_Material provided_

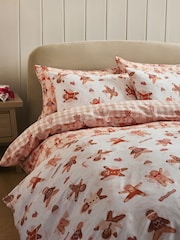 Christmas Gingerbread Reversible Duvet Duvet Cover and Pillowcase Set - Image 5 of 9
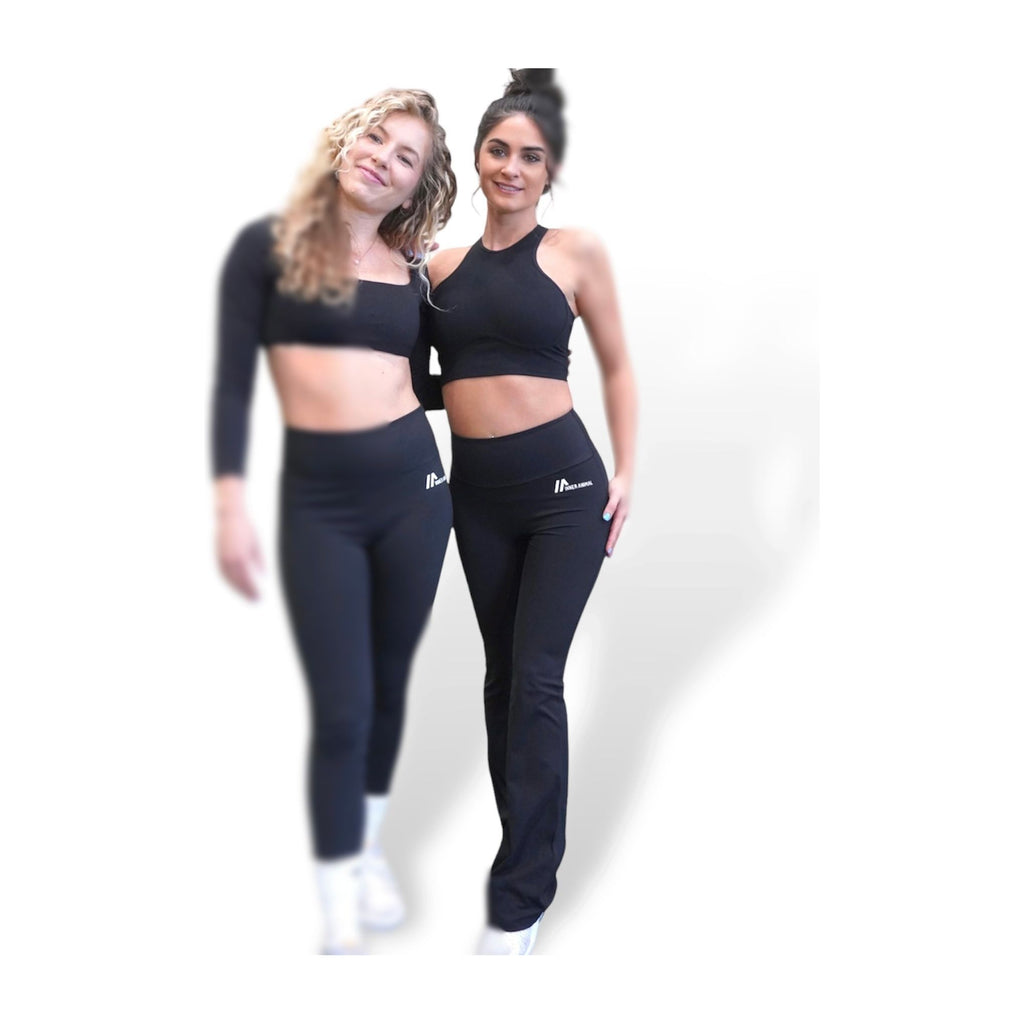 Smooth Bell Bottom Leggings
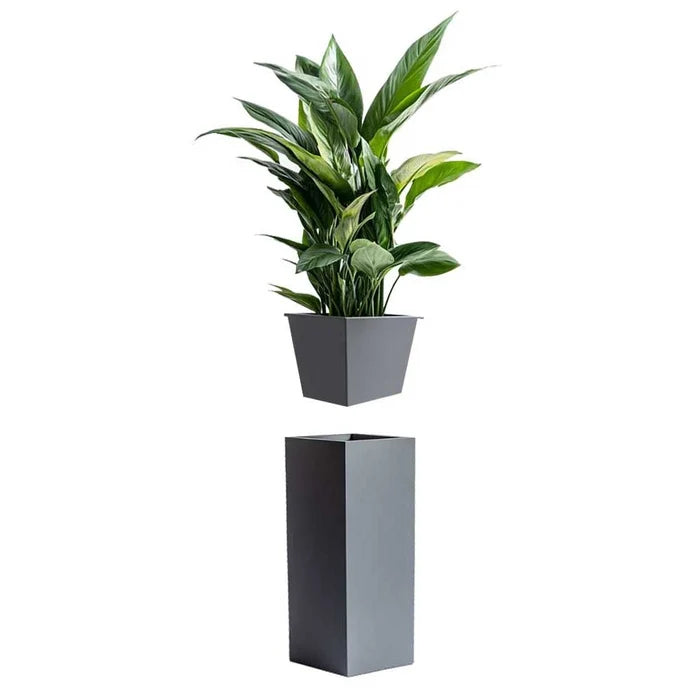 32cm Zinc Galvanised Matte Grey Insert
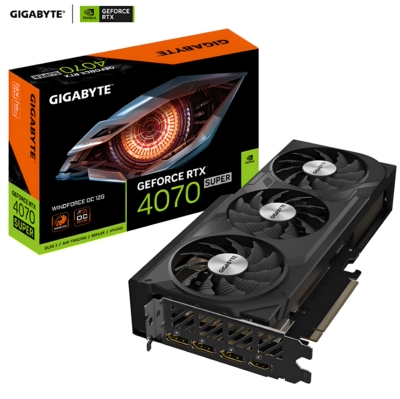 技嘉RTX4070SUPER WF3 12G 风魔三扇 全新盒装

_The problem_
When you copy the lines above, drop the pictures and keep everything else exact.

_Your solution_
 Christmas Gingerbread Reversible Duvet Duvet Cover and Pillowcase Set - Image 5 of 9
 Smooth Bell Bottom Leggings
 32cm Zinc Galvanised Matte Grey Insert
 技嘉RTX4070SUPER WF3 12G 风魔三扇 全新盒装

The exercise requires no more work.